Best arcade games of the 80s: Old school video games

Once upon a time, arcade games were king when it came to video game entertainment. Sure console systems like the Atari 2600, Colecovision, and Intellivision were around at that time. But if you really wanted to play top quality games, you had to visit your local arcade and pop some quarters in your favorite game.

Best Arcade Games of the 80s

The video game industry is estimated to be an $81 billion dollar operation.  The industry has come a long way and many things have changed along the way.

By today’s advanced hardware standards, the games of yesteryear seem extremely primitive, limited in scope, and unattractive.

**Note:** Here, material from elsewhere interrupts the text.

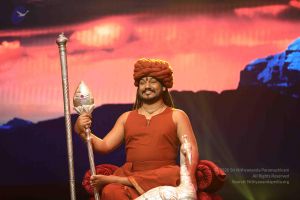 20171227 Photo 1036 1RZOBRcHqzI4z1CpLCbiDIpcUP6d0pXcY.JPG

You know what they aren’t? They’re not boring. In fact, in many titles, the fun factor is off the charts! So let’s look back in time at all of the wonderful arcade games from the 80s.

Best Overall: Donkey Kong

Donkey Kong is the most successful franchise of all time and considered classic arcade game royalty. Afterall, it did launch several sequels, the massively successful Mario Brothers franchise, and the Donkey Kong Country Series.

Donkey Kong is a Nintendo title, released in 1981. The premise of the game is very similar to the King Kong story. Donkey Kong has kidnaped the princess. You play as Mario the plumber who must rescue her.

Donkey Kong the ape, rolls barrels your way to try to prevent you on your quest. In addition to barrels, you must also dodge fireballs. Once you make it to the top, Donkey Kong whisks the Princess away and you must attempt to rescue her on the next challenging level. Once you complete all level, you have to repeat them again and again. The speed of the game increases each time to make the game more challenging.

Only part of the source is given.